-- Records for this exercise --
####
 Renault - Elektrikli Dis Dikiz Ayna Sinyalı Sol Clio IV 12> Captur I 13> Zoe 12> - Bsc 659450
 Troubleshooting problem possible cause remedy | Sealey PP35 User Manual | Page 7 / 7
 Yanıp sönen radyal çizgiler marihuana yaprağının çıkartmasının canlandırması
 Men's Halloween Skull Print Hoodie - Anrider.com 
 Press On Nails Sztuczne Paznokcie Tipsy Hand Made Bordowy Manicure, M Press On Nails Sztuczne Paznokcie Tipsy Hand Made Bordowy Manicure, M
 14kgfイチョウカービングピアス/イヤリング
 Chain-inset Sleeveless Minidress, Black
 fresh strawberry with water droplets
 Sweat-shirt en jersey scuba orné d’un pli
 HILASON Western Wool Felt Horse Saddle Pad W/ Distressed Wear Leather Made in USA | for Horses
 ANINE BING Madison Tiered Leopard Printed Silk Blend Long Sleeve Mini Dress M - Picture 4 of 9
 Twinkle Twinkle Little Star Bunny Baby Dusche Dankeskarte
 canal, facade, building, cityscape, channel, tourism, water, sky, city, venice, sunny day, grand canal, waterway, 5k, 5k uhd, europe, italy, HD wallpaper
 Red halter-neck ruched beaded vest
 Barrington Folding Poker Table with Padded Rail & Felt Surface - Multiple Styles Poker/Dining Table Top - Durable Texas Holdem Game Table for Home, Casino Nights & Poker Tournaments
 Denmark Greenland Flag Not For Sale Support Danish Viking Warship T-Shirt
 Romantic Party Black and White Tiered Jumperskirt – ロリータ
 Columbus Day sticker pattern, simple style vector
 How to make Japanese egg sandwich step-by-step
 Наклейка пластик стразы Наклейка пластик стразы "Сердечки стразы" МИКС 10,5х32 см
####
-- What you need to do --
Begin with the line that contains "14kgfイチョウカービングピアス/イヤリング". Repeat it and every line after it through the end of the listing, exactly, and print nothing more.

-- Written response --
 14kgfイチョウカービングピアス/イヤリング
 Chain-inset Sleeveless Minidress, Black
 fresh strawberry with water droplets
 Sweat-shirt en jersey scuba orné d’un pli
 HILASON Western Wool Felt Horse Saddle Pad W/ Distressed Wear Leather Made in USA | for Horses
 ANINE BING Madison Tiered Leopard Printed Silk Blend Long Sleeve Mini Dress M - Picture 4 of 9
 Twinkle Twinkle Little Star Bunny Baby Dusche Dankeskarte
 canal, facade, building, cityscape, channel, tourism, water, sky, city, venice, sunny day, grand canal, waterway, 5k, 5k uhd, europe, italy, HD wallpaper
 Red halter-neck ruched beaded vest
 Barrington Folding Poker Table with Padded Rail & Felt Surface - Multiple Styles Poker/Dining Table Top - Durable Texas Holdem Game Table for Home, Casino Nights & Poker Tournaments
 Denmark Greenland Flag Not For Sale Support Danish Viking Warship T-Shirt
 Romantic Party Black and White Tiered Jumperskirt – ロリータ
 Columbus Day sticker pattern, simple style vector
 How to make Japanese egg sandwich step-by-step
 Наклейка пластик стразы Наклейка пластик стразы "Сердечки стразы" МИКС 10,5х32 см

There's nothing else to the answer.